August 29, 2007
Contact: Katherine Duke ’05
Writer/Editor
413/542-2321
Stacey Schmeidel
Director of Public Affairs
413/542-2321

AMHERST, Mass.—In recognition of Constitution Day, attorney Buz Eisenberg, consultant Kimberly Duplechain ’99 and law professor Bruce Miller will address “Guantanamo: Torture, Habeas Corpus and the Constitution” at 7 p.m. on Monday, Sept. 10, in the Cole Assembly Room in Converse Hall at Amherst College. Sponsored by the Amherst College President’s Office and presented by the Amherst College Library, the event is free and open to the public. A reception will follow.

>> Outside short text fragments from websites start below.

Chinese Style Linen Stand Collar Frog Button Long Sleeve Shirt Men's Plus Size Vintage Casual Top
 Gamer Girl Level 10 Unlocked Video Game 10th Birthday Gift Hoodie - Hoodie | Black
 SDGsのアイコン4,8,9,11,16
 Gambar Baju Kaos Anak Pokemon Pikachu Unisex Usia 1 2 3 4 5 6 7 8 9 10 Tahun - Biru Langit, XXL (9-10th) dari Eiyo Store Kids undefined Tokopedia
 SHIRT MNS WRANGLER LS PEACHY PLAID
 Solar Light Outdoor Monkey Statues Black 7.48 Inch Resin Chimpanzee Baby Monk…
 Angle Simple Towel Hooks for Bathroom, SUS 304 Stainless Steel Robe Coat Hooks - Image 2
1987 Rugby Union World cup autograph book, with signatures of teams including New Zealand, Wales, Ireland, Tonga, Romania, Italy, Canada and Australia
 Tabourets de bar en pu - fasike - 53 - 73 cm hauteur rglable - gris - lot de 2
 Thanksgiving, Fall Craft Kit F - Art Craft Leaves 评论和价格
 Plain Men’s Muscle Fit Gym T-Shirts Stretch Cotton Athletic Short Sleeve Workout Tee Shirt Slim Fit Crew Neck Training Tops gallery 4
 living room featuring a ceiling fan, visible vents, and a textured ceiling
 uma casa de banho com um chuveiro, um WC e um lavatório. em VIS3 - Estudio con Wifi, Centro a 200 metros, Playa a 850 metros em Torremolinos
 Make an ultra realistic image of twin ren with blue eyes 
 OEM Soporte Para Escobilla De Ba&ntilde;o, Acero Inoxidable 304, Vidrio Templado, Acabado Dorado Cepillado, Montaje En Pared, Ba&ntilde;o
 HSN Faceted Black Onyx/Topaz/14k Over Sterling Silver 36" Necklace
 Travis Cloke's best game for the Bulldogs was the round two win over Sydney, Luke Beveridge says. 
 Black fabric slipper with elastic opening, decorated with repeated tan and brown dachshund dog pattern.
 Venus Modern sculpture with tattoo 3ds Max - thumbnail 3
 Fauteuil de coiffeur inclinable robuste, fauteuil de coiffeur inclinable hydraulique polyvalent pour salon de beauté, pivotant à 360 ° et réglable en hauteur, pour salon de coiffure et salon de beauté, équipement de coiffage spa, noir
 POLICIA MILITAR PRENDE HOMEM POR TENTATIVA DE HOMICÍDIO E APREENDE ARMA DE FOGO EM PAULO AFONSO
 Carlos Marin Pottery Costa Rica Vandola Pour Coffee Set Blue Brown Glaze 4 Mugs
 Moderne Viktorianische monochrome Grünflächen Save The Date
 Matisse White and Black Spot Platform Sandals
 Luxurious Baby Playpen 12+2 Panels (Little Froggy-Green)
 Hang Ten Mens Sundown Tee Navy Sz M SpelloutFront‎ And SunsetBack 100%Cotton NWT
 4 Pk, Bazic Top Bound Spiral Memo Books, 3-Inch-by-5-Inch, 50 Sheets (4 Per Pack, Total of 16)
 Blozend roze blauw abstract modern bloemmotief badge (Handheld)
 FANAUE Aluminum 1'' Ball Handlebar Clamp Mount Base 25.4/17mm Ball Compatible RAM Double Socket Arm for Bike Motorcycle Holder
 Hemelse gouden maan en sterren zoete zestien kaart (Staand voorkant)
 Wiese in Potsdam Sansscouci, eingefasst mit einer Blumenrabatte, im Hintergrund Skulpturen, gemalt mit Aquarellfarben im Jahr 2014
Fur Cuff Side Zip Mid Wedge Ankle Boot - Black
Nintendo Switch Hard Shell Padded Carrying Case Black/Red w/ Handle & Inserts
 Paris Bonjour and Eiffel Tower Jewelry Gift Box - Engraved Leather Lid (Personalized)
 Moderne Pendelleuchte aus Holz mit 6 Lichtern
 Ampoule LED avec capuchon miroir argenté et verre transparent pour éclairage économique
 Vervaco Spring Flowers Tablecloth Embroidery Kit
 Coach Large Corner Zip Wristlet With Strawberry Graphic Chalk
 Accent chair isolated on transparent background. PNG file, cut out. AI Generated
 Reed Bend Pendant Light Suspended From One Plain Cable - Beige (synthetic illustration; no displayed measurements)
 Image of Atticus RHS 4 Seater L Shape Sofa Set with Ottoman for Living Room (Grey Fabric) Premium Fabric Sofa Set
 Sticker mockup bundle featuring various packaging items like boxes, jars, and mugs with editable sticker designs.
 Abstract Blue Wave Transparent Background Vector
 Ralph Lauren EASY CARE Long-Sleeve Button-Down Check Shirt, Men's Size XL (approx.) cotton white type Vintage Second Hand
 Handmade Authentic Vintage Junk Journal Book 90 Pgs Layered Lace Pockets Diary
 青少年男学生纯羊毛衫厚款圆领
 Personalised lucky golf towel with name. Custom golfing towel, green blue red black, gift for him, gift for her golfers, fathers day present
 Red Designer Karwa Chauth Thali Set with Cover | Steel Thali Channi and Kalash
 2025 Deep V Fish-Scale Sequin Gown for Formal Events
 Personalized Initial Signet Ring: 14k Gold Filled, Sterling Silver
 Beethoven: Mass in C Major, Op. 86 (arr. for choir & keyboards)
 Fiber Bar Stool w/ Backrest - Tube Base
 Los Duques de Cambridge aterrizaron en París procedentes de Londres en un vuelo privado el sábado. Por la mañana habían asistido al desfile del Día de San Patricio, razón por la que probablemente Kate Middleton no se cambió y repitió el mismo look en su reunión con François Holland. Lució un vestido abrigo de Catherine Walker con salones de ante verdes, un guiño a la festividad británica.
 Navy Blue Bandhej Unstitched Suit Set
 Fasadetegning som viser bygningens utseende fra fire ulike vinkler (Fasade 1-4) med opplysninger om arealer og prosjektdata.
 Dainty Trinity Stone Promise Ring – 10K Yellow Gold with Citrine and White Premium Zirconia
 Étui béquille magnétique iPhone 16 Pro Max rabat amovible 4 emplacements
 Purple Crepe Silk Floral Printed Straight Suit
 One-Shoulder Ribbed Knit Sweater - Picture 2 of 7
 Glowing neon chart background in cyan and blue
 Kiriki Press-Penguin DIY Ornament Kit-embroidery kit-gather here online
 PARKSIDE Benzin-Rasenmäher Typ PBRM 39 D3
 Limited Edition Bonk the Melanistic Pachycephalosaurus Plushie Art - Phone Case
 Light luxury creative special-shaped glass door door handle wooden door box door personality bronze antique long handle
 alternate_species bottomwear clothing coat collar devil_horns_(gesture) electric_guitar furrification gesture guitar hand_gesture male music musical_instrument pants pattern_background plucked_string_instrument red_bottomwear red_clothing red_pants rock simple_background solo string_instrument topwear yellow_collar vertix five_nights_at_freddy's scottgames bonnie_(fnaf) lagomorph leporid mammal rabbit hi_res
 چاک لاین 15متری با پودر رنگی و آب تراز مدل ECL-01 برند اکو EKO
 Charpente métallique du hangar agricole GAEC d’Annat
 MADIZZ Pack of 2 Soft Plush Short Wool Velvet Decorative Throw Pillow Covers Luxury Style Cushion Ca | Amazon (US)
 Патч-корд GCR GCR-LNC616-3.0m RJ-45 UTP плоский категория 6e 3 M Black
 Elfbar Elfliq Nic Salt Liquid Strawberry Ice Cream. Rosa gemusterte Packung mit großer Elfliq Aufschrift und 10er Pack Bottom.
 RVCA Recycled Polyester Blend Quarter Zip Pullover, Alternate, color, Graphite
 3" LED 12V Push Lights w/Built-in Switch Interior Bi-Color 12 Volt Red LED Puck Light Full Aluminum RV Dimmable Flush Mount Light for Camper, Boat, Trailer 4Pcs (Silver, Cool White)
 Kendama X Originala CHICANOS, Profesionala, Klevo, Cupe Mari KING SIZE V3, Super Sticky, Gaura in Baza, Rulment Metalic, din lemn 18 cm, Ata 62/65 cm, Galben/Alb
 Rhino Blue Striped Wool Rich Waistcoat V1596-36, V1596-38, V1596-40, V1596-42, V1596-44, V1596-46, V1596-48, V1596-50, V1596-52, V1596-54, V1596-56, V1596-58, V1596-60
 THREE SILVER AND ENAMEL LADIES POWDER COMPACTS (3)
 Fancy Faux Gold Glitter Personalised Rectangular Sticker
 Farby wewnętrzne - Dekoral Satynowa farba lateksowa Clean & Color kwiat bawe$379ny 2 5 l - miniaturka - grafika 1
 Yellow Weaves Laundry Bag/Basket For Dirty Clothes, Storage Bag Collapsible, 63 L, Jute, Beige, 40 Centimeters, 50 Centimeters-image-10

Eisenberg is Of Counsel to the Northampton litigation firm of Weinberg & Garber, P.C., and a professor at Greenfield Community College in Greenfield, Mass. He is a cooperating attorney with the ACLU and the Center for Constitutional Rights and a member of the Guantanamo Global Justice Initiative, providing pro bono representation to Guantanamo detainees. He has received a number of awards for his work on human rights and social justice.

Duplechain graduated from Amherst College in 1999. In 2003, she went to work in Washington, D.C. for the Bureau of Customs and Border Protection, an agency under the newly formed Department of Homeland Security. She currently works for IBM’s Global Business Services as a senior consultant in public sector financial management and policy for several federal agencies, including the Department of Navy and the Transportation Security Administration. She is also a student at Georgetown University Law Center in Washington, concentrating on international business and trade.


Miller teaches constitutional law and public law at the Western New England College School of Law in Springfield, Mass. He has worked for the National Senior Citizens Law Center in Los Angeles and was an attorney with the U.S. Department of Health, Education and Welfare. With a continuing interest in legal issues that affect the poor, he serves on the Board of Directors of the Pioneer Valley HIV-AIDS Consortium and the Advisory Board of the Western Massachusetts ACLU.


In 2004, to commemorate the signing of the U.S. Constitution on Sept. 17, 1787, Congress designated Sept. 17 as Constitution Day.